La perspective de ce projet culturel était celle de la démocratisation de la culture comme un droit à la jouissance, à l’expérimentation, à l’information, à la mémoire et à la participation. Contre la violence invisible et visible, et en dépit de sa dénégation par la mythologie de la non-violence, nous avons donné la priorité aux programmes de compréhension critique de la société et de l’histoire brésiliennes. Contre l’univers médiatique, nous avons souligné le caractère expressif, expérimental et diversifié de la création culturelle en tant que travail. Contre le populisme, nous avons cherché à élargir le réseau des services culturels garantissant l’accès à l’information et aux formes les plus avancées de la production culturelle. Contre l’élitisme oligarchique, nous avons cherché à développer non seulement des projets de mémoire sociale, mais surtout à affirmer que nous sommes tous des sujets culturels, même si nous ne sommes pas tous créateurs d’oeuvres d’art et de pensée. Les programmes visaient à la formation (écoles, ateliers, séminaires, cours), à l’information (bibliothèques, discothèques, vidéothèques, accès aux théâtres, musées, cinémas), à la réflexion critique (mémoire orale, mémoire sociale et politique), au loisir et à la solidarité (grands spectacles de musique et de danse en plein air), à la garantie de l’accès à la création et aux biens culturels par l’élargissement des réseaux de bibliothèques, discothèques, vidéothèques, écoles, théâtres, centres culturels et maisons de la culture, musées et centres historiques.

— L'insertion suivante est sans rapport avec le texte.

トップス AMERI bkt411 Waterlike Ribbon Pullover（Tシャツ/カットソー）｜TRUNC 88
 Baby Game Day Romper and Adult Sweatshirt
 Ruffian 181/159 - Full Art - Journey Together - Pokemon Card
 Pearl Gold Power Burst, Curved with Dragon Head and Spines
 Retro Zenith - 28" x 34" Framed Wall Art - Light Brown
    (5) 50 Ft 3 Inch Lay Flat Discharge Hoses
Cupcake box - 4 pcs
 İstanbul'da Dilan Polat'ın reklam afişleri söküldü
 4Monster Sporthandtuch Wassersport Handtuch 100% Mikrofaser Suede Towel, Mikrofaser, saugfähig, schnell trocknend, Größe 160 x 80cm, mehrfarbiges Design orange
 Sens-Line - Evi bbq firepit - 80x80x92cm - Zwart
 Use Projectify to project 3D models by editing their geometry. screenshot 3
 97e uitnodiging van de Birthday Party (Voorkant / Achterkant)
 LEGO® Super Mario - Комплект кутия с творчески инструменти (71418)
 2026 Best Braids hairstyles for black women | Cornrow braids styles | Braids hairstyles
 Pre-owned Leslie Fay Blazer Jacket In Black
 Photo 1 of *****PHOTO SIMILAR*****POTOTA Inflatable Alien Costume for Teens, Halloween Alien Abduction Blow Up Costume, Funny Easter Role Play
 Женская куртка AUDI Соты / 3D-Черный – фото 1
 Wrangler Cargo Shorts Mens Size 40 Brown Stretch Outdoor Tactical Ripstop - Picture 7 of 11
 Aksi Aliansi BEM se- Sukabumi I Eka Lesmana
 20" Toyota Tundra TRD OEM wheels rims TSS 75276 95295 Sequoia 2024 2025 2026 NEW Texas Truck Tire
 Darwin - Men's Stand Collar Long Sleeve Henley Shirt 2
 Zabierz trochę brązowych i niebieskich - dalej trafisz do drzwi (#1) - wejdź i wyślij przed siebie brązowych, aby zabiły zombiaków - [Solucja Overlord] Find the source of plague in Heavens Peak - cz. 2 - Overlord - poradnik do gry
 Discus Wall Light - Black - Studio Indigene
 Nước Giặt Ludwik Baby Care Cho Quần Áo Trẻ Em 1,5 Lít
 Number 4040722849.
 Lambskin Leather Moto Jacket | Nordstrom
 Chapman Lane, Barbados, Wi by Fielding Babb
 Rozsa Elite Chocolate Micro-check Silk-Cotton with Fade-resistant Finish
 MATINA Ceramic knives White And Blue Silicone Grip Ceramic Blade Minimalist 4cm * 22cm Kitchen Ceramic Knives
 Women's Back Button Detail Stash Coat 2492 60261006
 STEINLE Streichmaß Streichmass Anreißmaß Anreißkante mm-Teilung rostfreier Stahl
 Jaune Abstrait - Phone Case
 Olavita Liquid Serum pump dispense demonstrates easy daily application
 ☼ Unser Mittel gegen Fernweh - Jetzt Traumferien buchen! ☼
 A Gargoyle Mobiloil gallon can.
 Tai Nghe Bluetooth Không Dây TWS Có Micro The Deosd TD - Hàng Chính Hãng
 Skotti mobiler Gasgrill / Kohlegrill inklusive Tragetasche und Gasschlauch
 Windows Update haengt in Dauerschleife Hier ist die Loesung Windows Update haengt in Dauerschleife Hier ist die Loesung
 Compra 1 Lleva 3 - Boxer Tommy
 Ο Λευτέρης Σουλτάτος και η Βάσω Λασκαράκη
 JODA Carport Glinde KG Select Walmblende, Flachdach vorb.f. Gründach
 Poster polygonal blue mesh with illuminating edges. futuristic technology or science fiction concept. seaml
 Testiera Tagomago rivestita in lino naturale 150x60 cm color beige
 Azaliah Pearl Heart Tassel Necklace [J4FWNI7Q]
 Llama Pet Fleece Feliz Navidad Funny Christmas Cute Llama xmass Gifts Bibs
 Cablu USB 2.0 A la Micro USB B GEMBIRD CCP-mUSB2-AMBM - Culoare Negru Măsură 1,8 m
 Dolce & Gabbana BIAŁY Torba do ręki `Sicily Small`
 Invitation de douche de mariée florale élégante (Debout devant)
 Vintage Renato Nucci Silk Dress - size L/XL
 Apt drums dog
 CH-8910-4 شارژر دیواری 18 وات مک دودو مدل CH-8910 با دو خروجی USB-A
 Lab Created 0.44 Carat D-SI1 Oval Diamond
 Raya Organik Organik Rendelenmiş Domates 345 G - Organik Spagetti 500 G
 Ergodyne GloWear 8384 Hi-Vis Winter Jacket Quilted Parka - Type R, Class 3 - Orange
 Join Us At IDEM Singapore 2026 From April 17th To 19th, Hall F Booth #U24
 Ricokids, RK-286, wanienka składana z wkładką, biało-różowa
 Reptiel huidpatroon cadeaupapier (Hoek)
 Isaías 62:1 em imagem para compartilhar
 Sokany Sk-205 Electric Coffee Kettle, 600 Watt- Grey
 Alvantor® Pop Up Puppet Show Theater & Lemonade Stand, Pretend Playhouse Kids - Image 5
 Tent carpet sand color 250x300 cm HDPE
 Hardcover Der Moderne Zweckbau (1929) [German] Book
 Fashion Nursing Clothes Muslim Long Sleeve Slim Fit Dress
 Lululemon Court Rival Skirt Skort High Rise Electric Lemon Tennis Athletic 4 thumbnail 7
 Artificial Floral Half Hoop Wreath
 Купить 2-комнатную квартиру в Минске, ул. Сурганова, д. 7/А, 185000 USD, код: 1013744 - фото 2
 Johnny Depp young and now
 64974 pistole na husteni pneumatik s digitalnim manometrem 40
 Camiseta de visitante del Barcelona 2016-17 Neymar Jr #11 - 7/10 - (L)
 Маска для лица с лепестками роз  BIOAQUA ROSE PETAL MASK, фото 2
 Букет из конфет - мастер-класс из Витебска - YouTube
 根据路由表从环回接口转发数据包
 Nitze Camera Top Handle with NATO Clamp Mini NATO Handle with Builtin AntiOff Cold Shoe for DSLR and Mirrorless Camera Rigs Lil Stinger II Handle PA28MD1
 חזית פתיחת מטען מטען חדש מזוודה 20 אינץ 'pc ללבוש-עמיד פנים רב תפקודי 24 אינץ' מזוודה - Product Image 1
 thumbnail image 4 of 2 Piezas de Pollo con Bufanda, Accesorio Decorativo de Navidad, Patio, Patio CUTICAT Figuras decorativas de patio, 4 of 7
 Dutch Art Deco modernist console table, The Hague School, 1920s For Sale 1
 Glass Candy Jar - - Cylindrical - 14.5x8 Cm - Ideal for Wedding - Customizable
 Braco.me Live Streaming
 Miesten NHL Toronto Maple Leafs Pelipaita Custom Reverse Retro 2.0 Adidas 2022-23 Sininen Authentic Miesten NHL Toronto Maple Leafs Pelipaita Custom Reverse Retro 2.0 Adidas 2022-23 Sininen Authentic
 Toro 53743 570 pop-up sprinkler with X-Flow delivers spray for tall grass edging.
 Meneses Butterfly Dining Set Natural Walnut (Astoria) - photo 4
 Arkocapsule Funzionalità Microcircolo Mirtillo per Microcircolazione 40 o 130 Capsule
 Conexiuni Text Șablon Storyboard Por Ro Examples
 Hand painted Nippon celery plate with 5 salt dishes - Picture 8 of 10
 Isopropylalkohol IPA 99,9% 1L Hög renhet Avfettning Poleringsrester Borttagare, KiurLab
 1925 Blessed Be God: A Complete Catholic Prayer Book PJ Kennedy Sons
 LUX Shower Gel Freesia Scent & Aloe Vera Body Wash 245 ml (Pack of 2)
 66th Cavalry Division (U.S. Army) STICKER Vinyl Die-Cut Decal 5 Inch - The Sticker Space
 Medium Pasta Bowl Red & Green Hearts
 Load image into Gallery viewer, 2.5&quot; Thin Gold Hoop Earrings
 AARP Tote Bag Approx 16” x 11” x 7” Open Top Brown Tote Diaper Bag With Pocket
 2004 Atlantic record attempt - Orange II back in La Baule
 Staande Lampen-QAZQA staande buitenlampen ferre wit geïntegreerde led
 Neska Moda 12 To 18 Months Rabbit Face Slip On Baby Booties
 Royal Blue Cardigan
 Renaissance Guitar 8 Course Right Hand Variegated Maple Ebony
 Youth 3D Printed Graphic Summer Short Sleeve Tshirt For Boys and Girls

Nous avons refusé la pratique de « l’animation culturelle », en la remplaçant par celle de l’action culturelle des communautés, des mouvements sociaux et populaires. Nous avons refusé la « célébration officielle », en la remplaçant par la commémoration socio-politique, c’est-à-dire par la mémoire sociale en tant qu’élément critique du présent et du passé de la société brésilienne. Nous avons refusé le clientélisme, grâce à la discussion publique, dans des conseils et des forums de la culture, autour de budgets publics de la culture et des priorités en matière de politique culturelle.

Le noyau central de cette citoyenneté culturelle a été la déconstruction critique du mythe fondateur : la culture comme droit, c’était donner à voir la différence entre carence, privilège et droit; c’était mettre en évidence la violence et l’autoritarisme constitutifs de la société brésilienne ; c’était refuser le populisme paternalisme de la droite et le populisme avant-gardisto-pédagogique de la gauche ; c’était opposer une alternative culturelle au monde médiatique ; c’était également la possibilité de mettre en lumière un nouveau sujet social et politique, qui se reconnaît comme sujet culturel. Mais, surtout, c’était rompre avec la tradition de la passivité devant la culture – la consommation de biens culturels – et avec la résignation devant l’existant, qui est périodiquement brisée et reconstituée dans les formes millénariste et messianique.